◆ **What is required**
Retype exactly what runs from the first line of the data to the line with "Stripe - Image 3", keeping both of those lines and skipping pictures.

[Supplied material Boundary: Start]

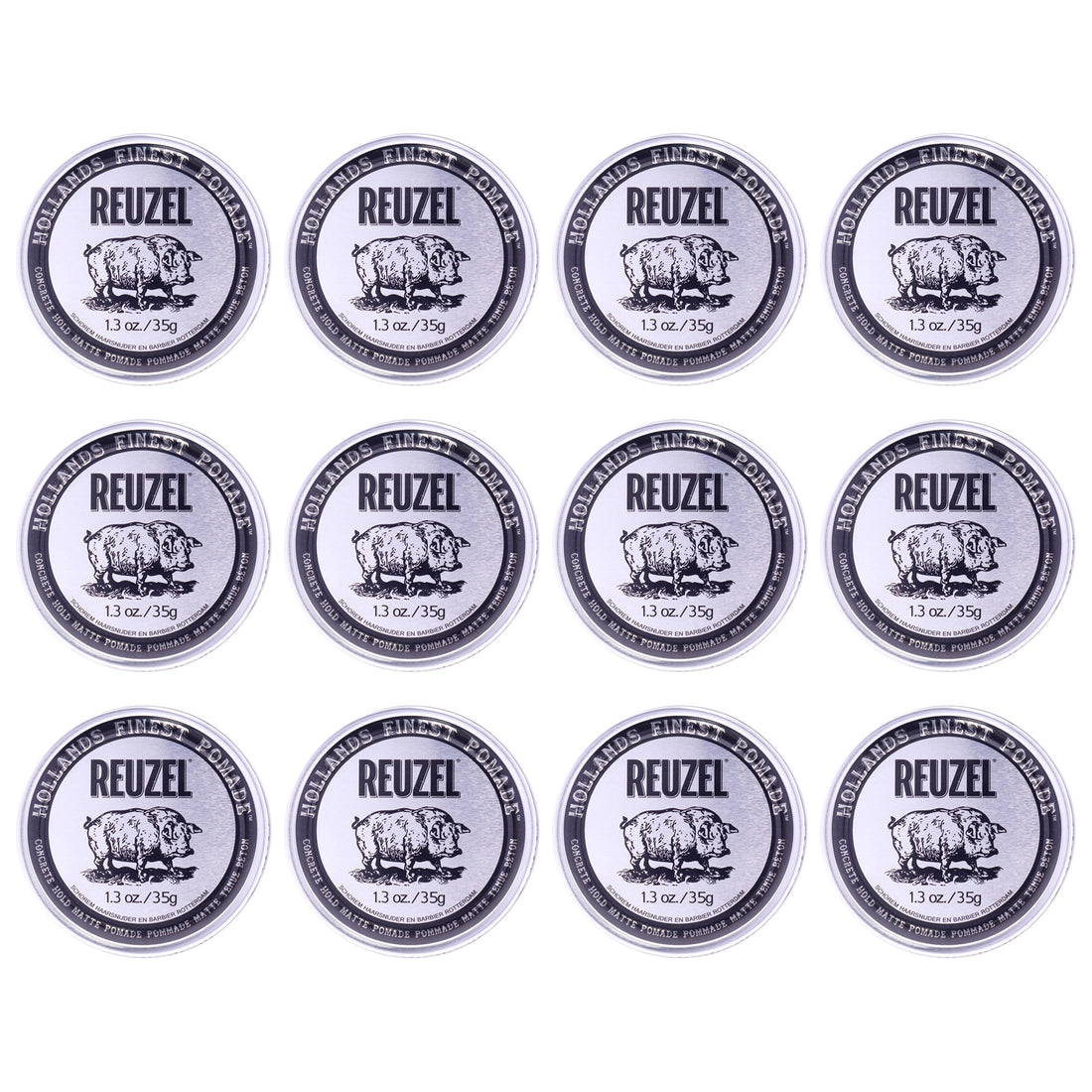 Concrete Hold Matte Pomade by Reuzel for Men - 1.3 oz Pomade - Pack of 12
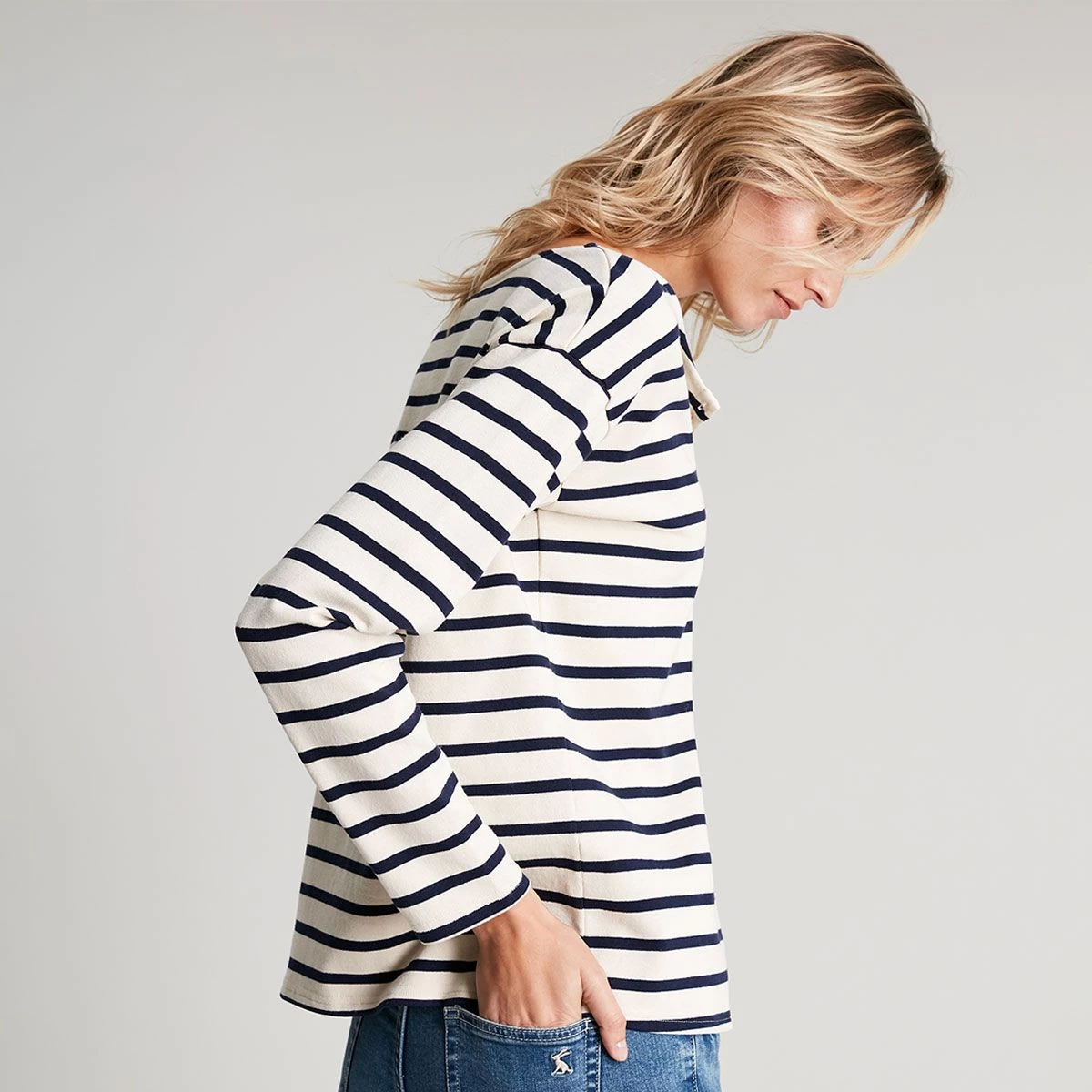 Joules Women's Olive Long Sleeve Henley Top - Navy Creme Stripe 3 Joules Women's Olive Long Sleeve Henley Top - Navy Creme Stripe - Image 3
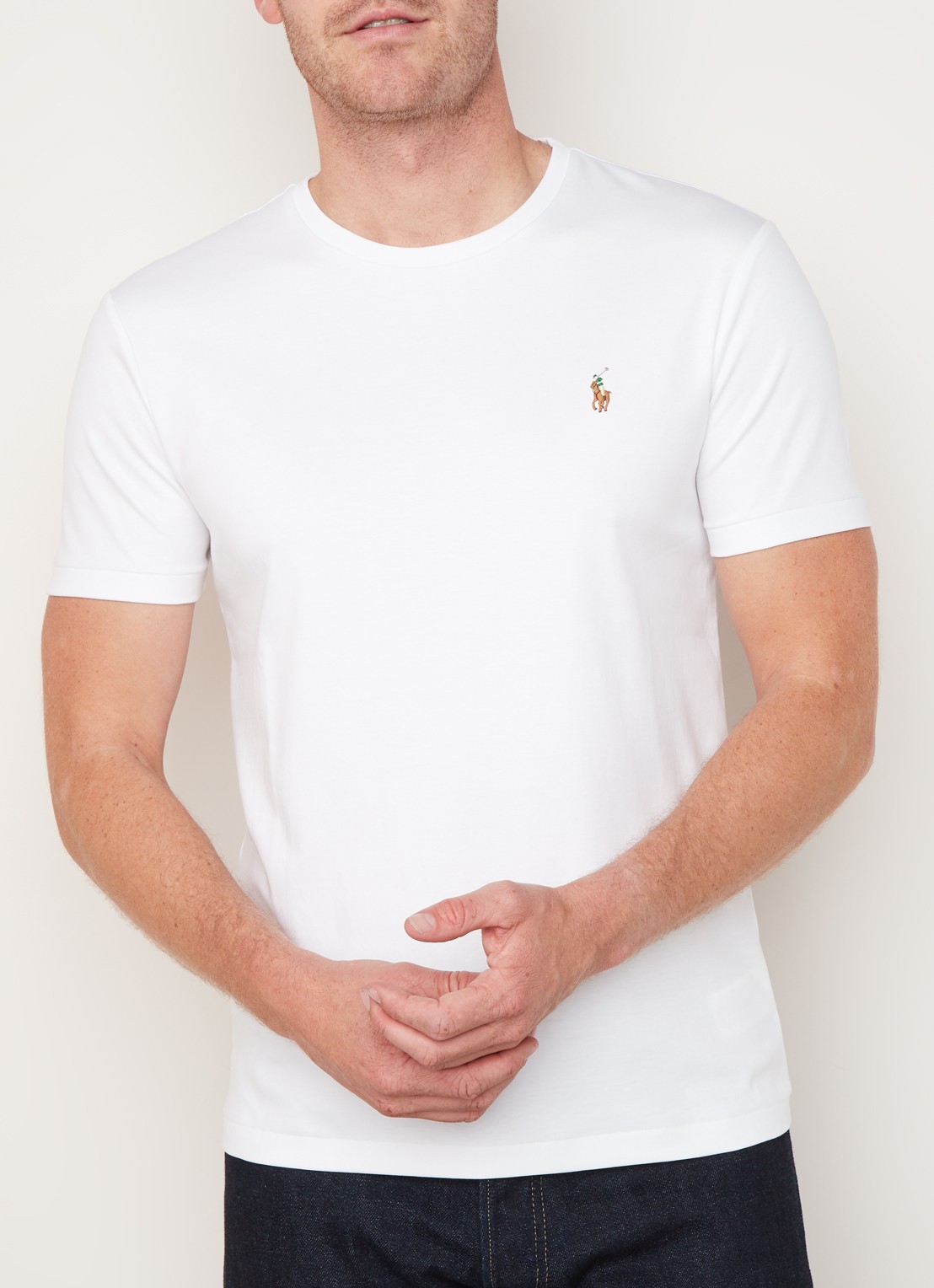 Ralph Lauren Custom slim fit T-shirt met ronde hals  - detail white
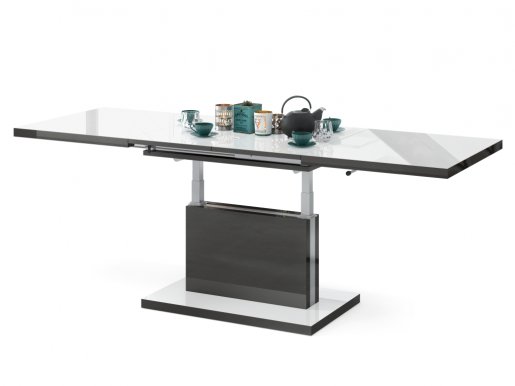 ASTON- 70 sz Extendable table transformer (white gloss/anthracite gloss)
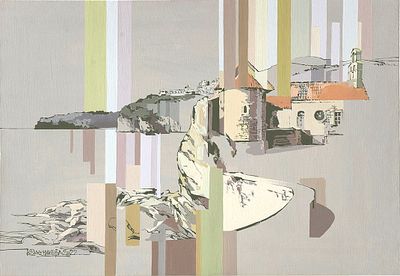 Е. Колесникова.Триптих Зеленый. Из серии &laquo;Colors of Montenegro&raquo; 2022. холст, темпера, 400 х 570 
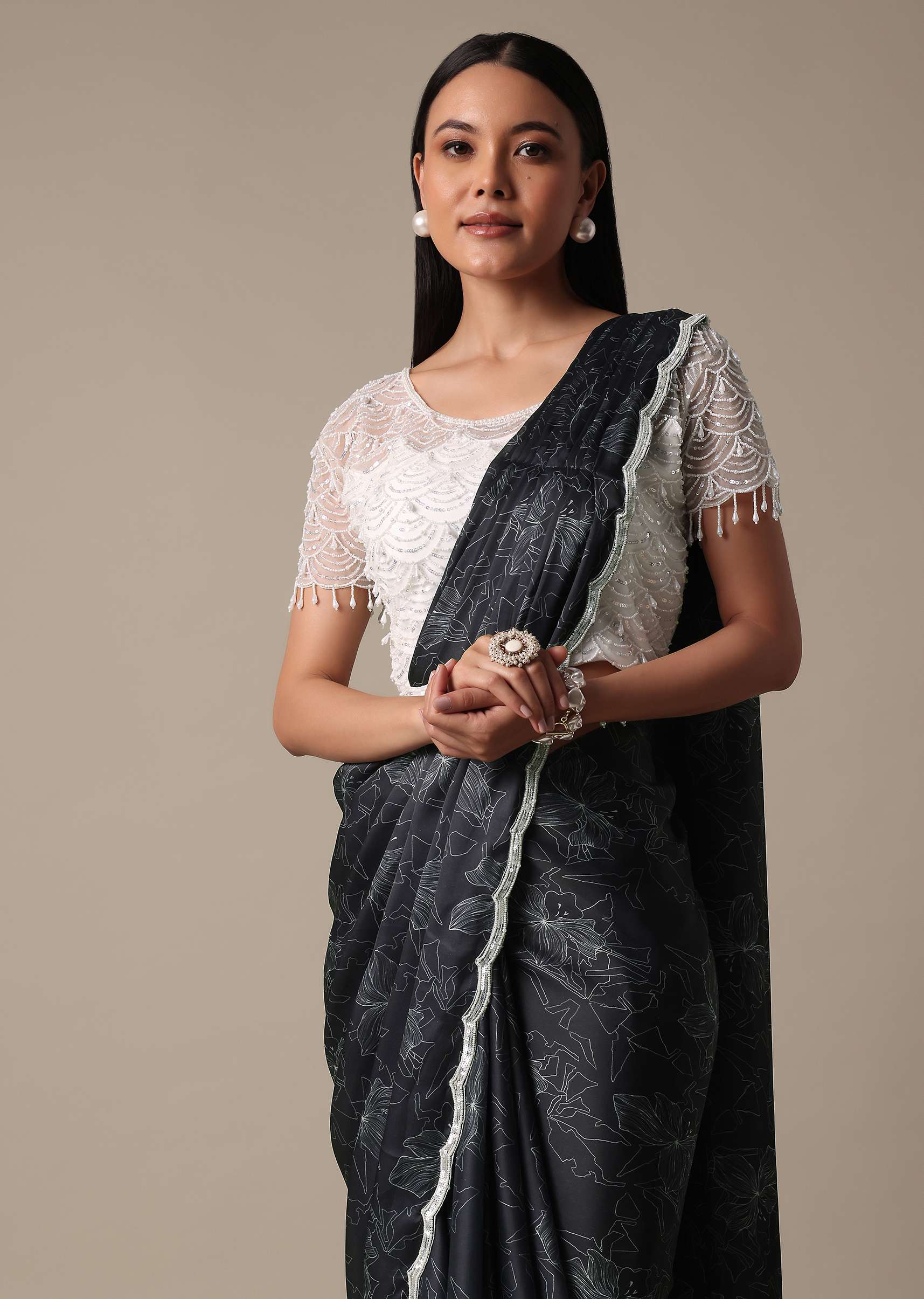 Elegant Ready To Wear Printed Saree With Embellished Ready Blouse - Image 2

[Supplied material Boundary: End]

◆ **Solved exercise**
 Concrete Hold Matte Pomade by Reuzel for Men - 1.3 oz Pomade - Pack of 12
 Joules Women's Olive Long Sleeve Henley Top - Navy Creme Stripe 3 Joules Women's Olive Long Sleeve Henley Top - Navy Creme Stripe - Image 3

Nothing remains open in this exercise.